RECORD EXCERPTS:
-.-.-
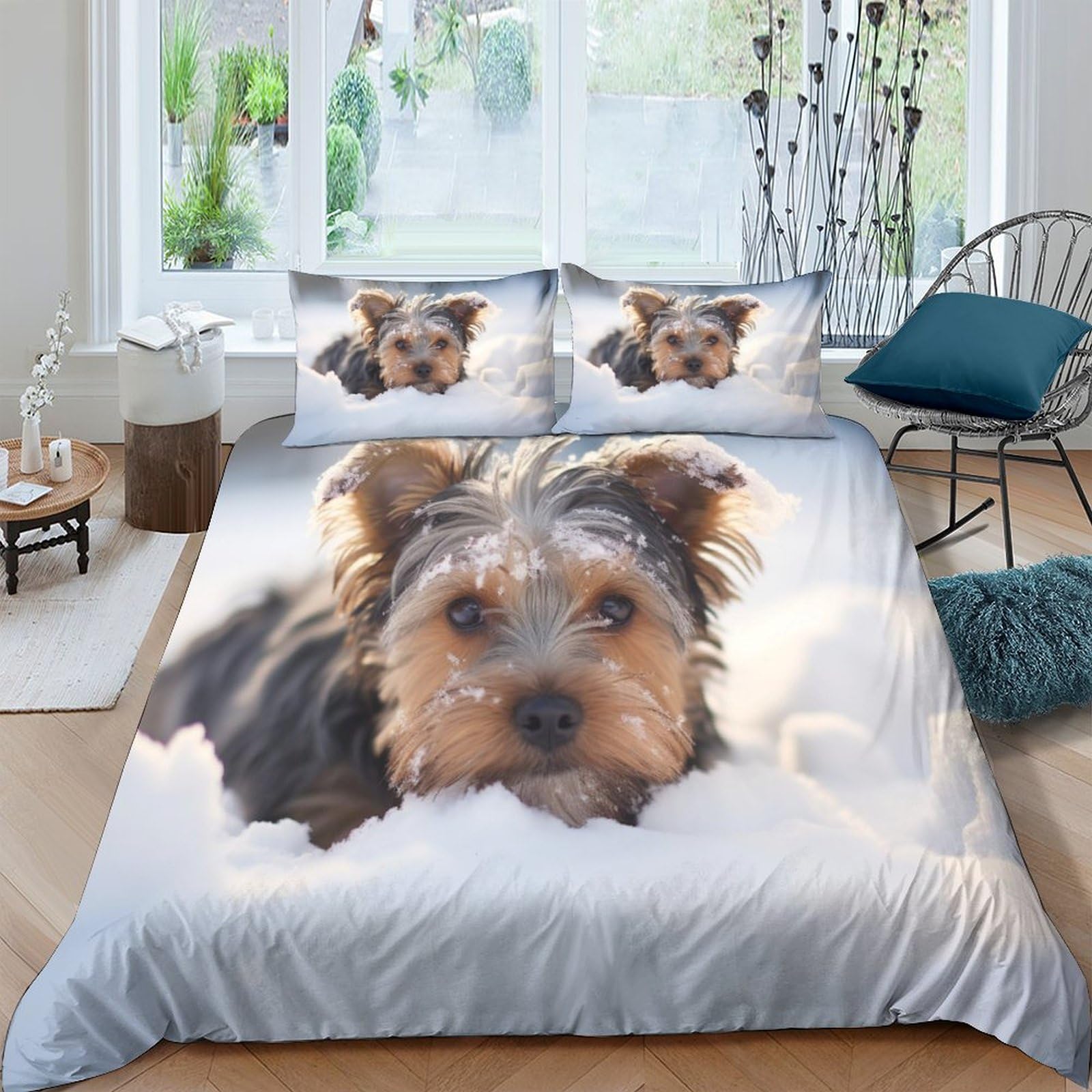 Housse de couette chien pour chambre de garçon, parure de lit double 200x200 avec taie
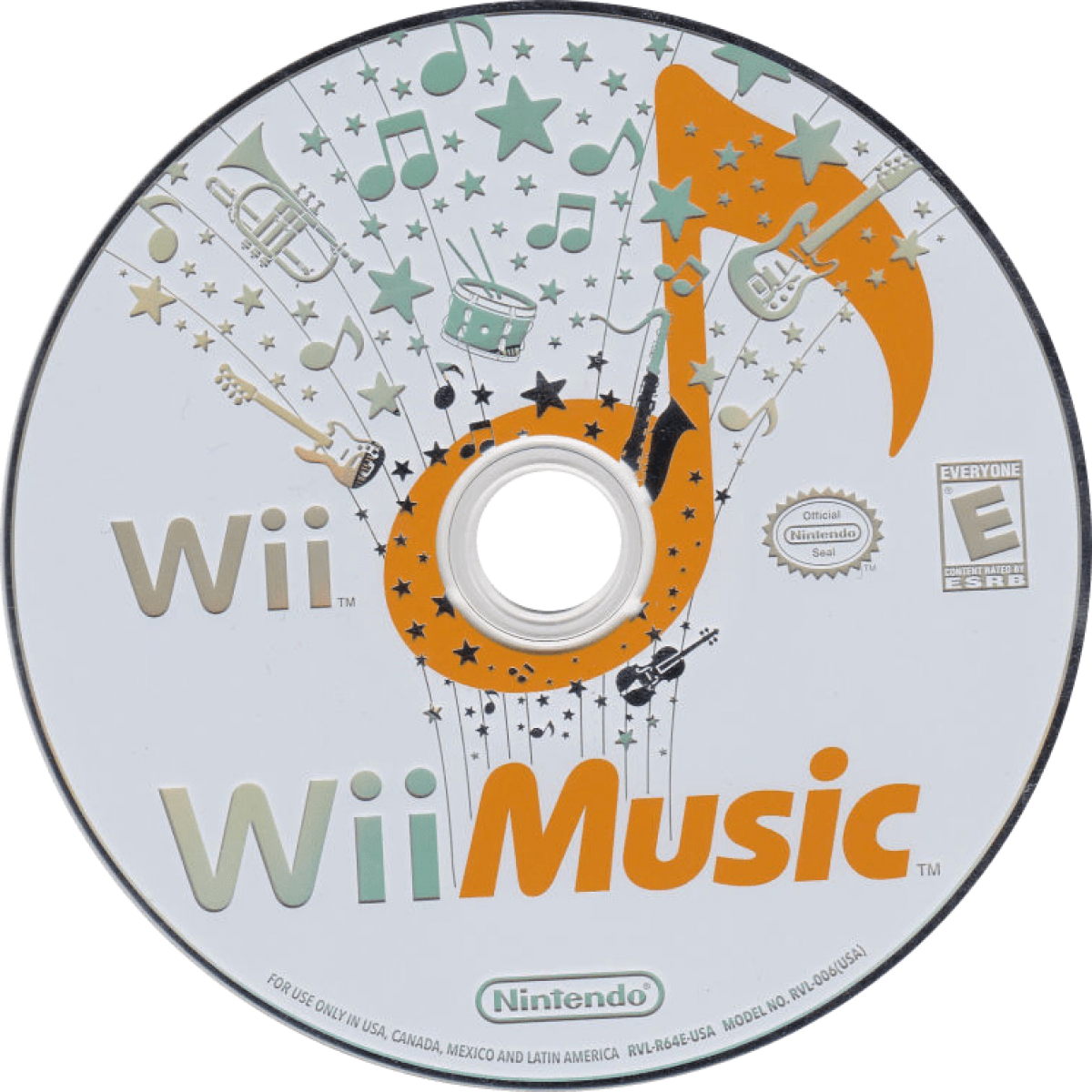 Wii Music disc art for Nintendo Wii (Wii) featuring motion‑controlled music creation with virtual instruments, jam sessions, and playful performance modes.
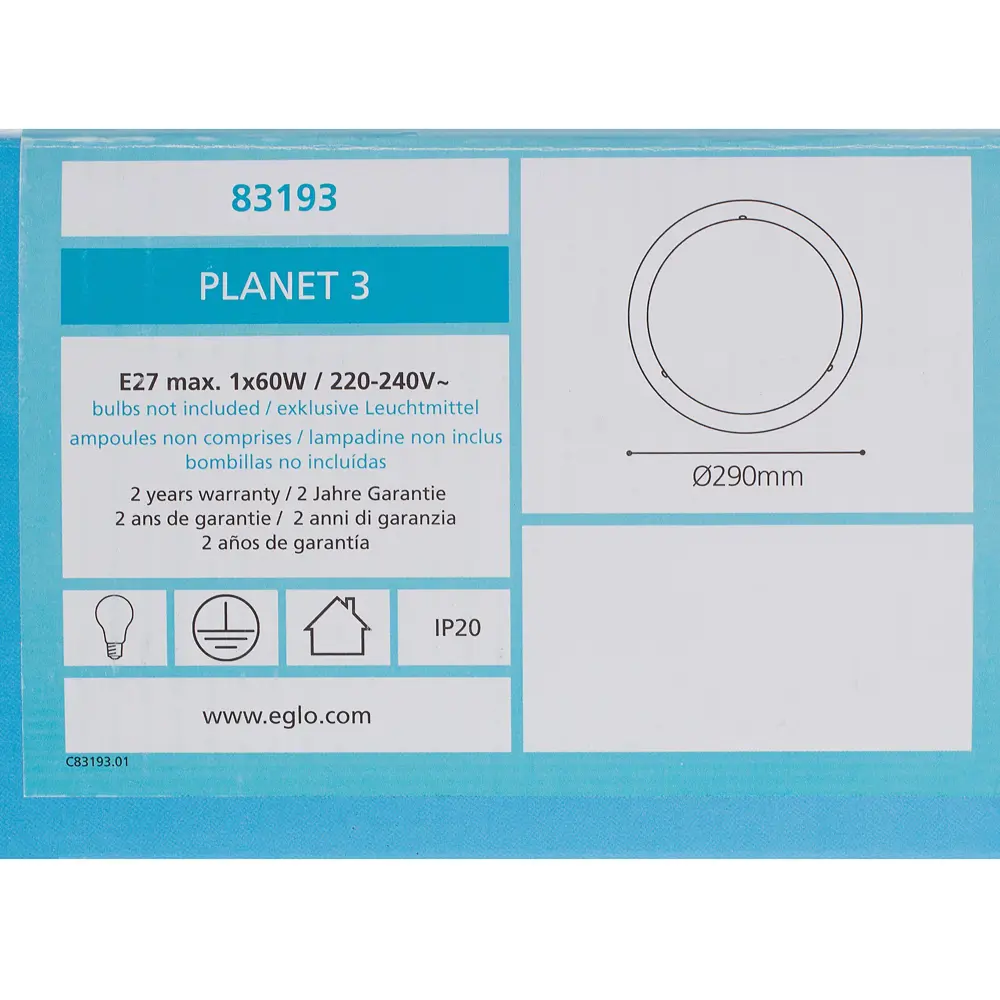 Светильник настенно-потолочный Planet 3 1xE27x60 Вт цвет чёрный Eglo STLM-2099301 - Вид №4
-.-.-
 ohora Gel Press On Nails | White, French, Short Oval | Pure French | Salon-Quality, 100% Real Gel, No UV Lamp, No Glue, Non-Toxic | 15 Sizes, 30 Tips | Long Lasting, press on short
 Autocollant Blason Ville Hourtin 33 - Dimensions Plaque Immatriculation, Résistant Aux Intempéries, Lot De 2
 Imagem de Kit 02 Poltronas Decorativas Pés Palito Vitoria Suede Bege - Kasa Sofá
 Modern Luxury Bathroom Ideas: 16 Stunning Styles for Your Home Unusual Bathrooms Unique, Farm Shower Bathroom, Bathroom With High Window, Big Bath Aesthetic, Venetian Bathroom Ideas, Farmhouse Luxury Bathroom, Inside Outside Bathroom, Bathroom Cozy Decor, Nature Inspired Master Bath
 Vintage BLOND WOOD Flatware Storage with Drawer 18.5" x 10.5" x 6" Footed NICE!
-.-.-
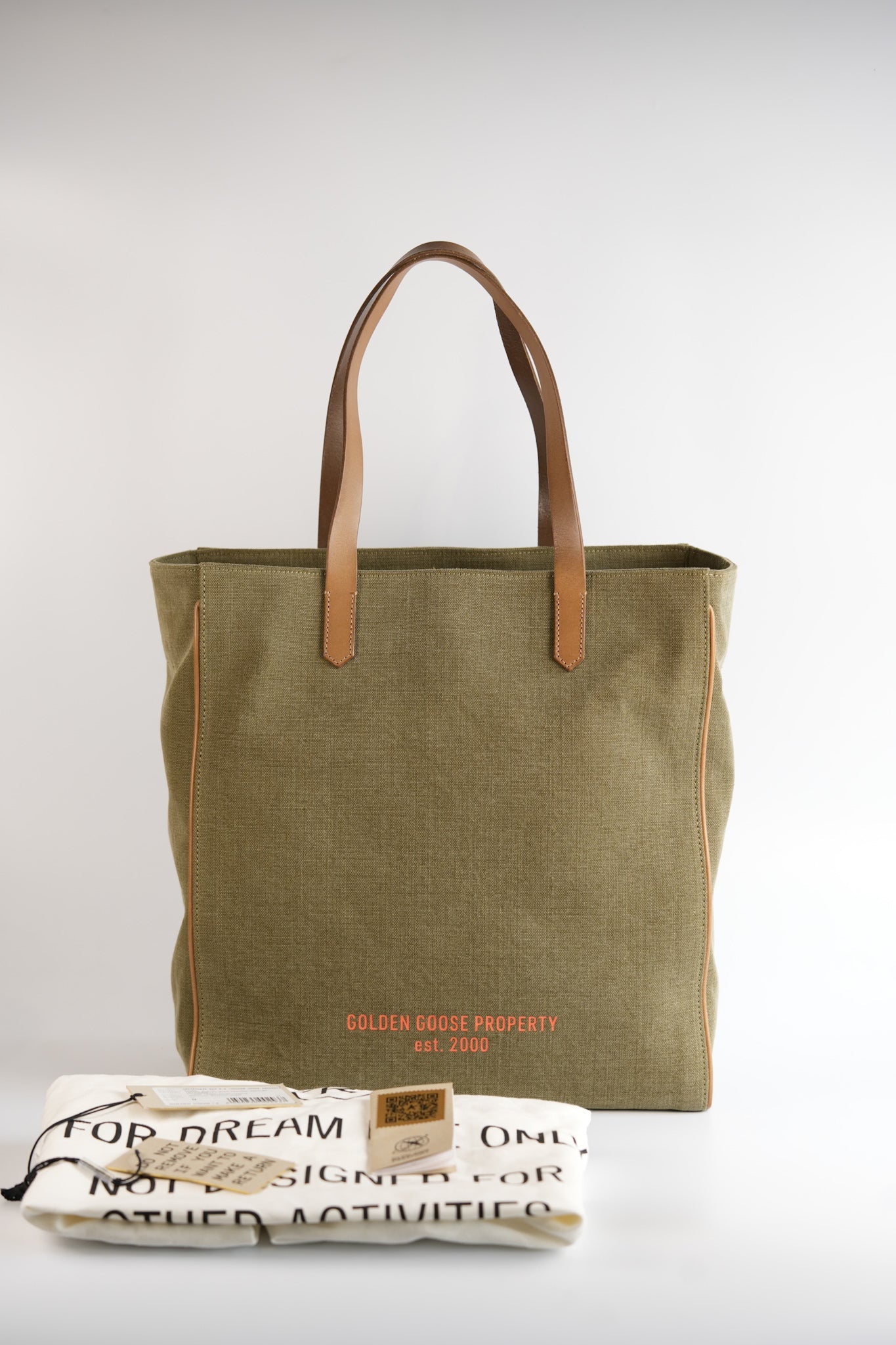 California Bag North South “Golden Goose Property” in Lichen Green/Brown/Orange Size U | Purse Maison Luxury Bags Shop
-.-.-
PROBLEM TO SOLVE:
Every line from the one with "Housse de couette" through the one with "Светильник настенно-потолочный Planet" is to be reproduced exactly as written above, and the pictures are to be dropped.

RESPONSE BELOW:
 Housse de couette chien pour chambre de garçon, parure de lit double 200x200 avec taie
 Wii Music disc art for Nintendo Wii (Wii) featuring motion‑controlled music creation with virtual instruments, jam sessions, and playful performance modes.
 Светильник настенно-потолочный Planet 3 1xE27x60 Вт цвет чёрный Eglo STLM-2099301 - Вид №4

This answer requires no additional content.